Following the release of these two EPs and with ample time to work on music during 2020, Vega both found herself ready to progress creatively and challenging many of her long-held beliefs and notions about her own identity. Originally envisioned to be yet another EP, Vega instead began working on what would become her debut full length, Always In Motion, a collection of relatable indie-pop songs that acknowledge our collective anxiety about life's improbability.
"Moments In Between," Always In Motion's ethereal opening number, was written early on in the process, kick-starting Vega into songwriting mode and reflecting the anxiety and dread she was grappling with as the world shut down around her. That sense of uncertainty pervades the album, although it's more universal than circumstantial as Vega uses the lyrics to consider how we move through life with a constant sense of unknowing. "Moments In Between" wonders whether spiritual belief can help us accept all types of challenges, although the introspective track doesn't necessarily find a conclusion.

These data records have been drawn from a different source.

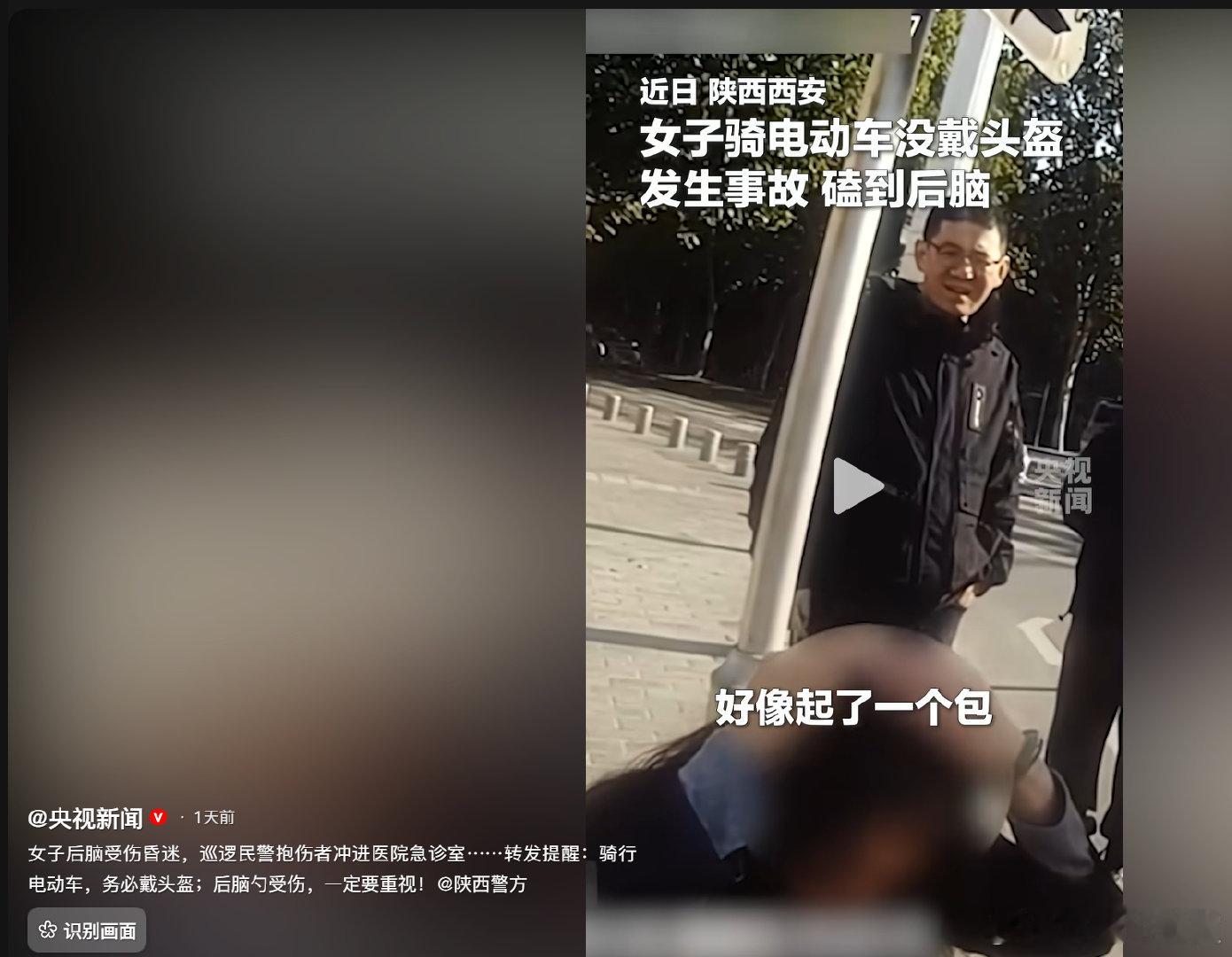 不戴头盔，女子磕到了后脑勺起包了，如果不是交警坚持带她去医院，估计就嗝屁了，因为上警车2分钟后就昏迷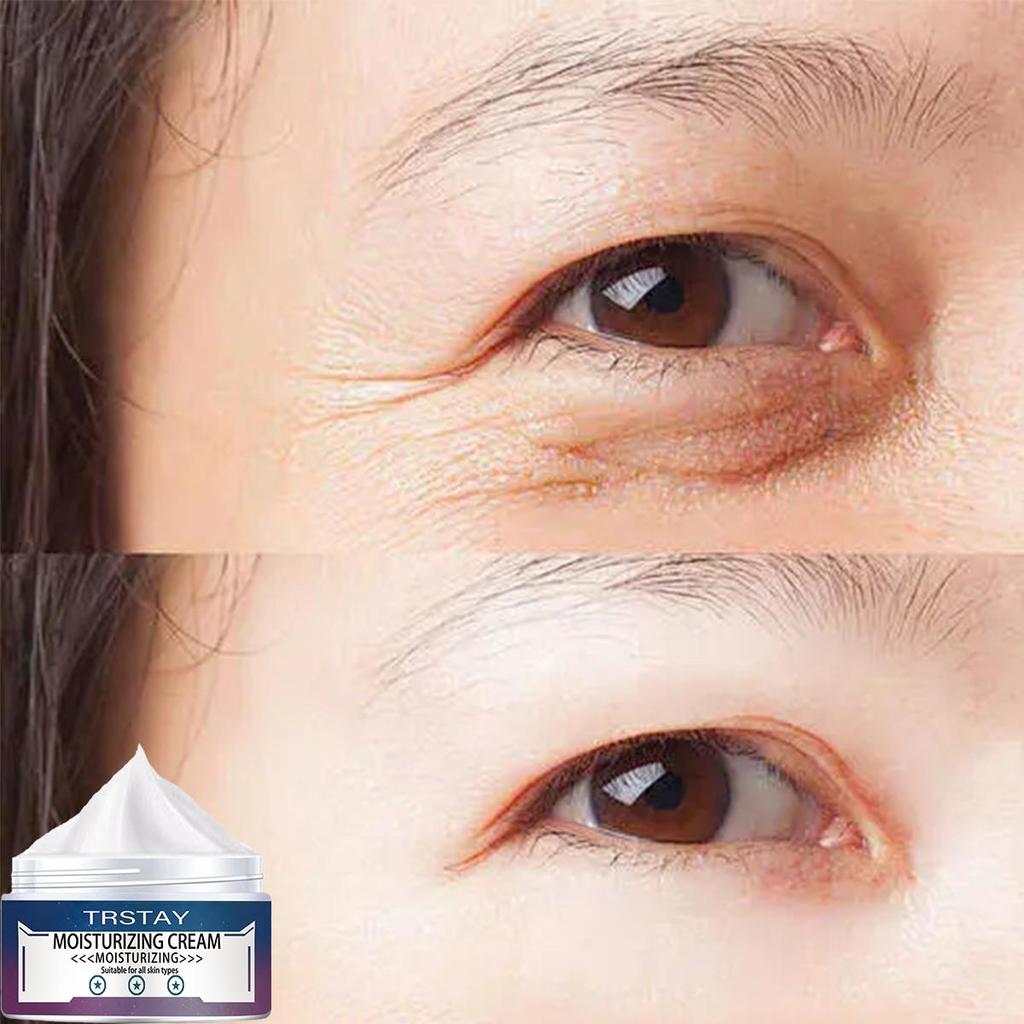 La crema para ojos es suave y no irritante, suaviza las arrugas, reduce las líneas finas, mejora la piel dañada e hidrata la piel.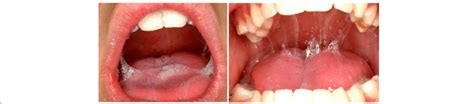 Pws Patients Present Thickened Sticky Saliva See The Clinical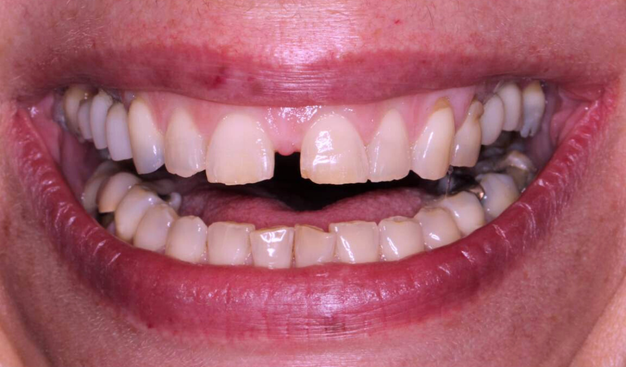 Before - Dr Nina Shaffie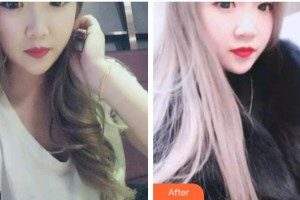 江陰牙博士口腔門(mén)診部董偉鵬整形價(jià)格表附金屬托槽矯正案例展示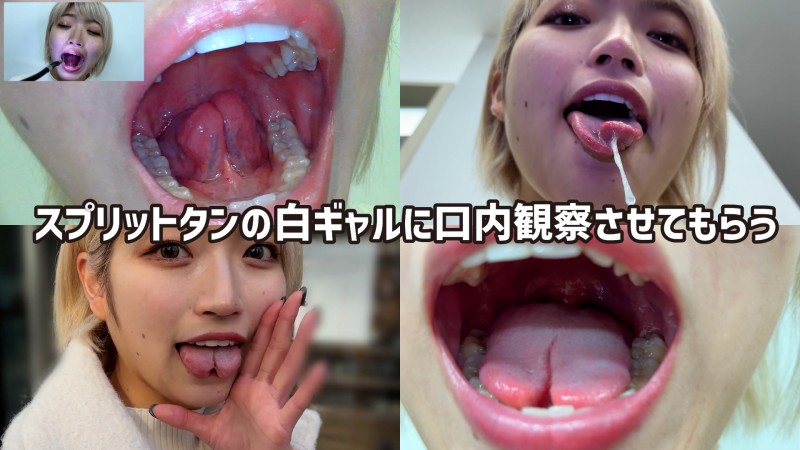 Gcolle 街角で声をかけて口内観察させてもらう 美容部員 はるのちゃん nko05-1 993616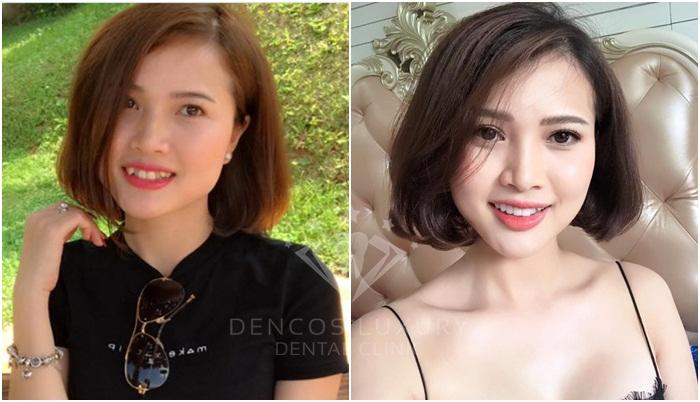Khách hàng bọc răng sứ tại Dencos Luxury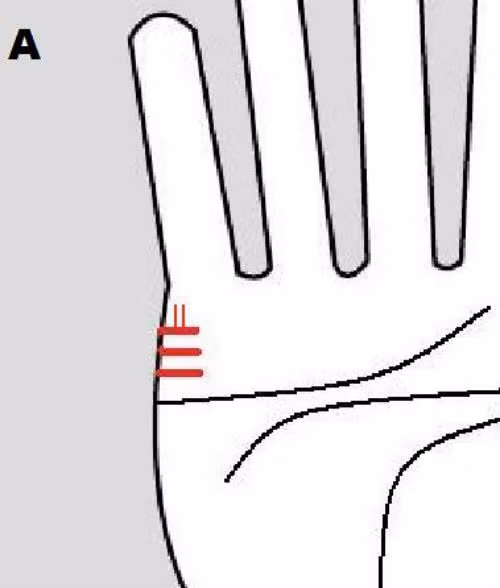 Nếu các đường chỉ này không rõ hoặc đan xen với các đường khác biểu hiện những đứa con của họ hay ốm vặt.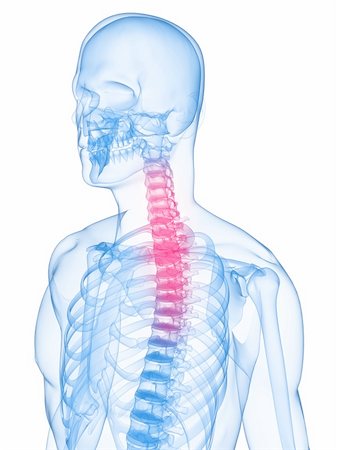 3d rendered x-ray illustration of a human skeleton with highlighted neck Stock Photo - Budget Royalty-Free & Subscription, Code: 400-04154402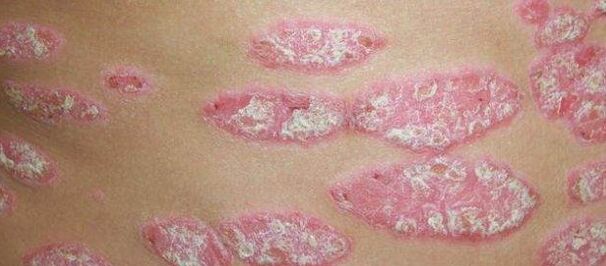 Psoriaasi progressiivne etapp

"When you're in the midst of something painful you long to get to the other side of it," Vega explains. "You want to be free from that. Faith can mean that even though life is long and painful, there is hope at the end of it all. I like the idea of there being something better than this on the other side. That possibility acknowledges that while people go through periods of intense anxiety and dread, they make it through."
"Carrying On," a pulsating, layered track, was written during a trip to the desert, where Vega struggled to reconcile her sense of the world with actual reality, especially during a time when everything felt so unbelievable and surreal. The lush "Cracks in the Pavement" reflects on identity, with Vega acknowledging and embracing who she is and recognizing that change has to come from within.
Those themes extend into "Spring" as Lexi explores long-term relationships, wondering whether they can withstand one partner's internal evolution. "It explores that fear of when you care about something so much that you don't want to lose it," she notes.
The closing track, "Otherwise," confirms that there is no easy answer for these queries, but maybe that's okay. Life, as usual, moves forward.
"I liked the idea of ending on an unresolved note," Lexi says. "It emphasizes that there's no certainty until we reach the end. That's the only truth that seems reliable. You can't ever know what's going to happen until you get there. And that doesn't have to conjure up feelings of dread. Over the course of the album I teeter-totter between having questions and wanting answers, but the resolution is to be okay with not knowing. I think I do find some acceptance along the way, but the album purposefully concludes with no real resolution."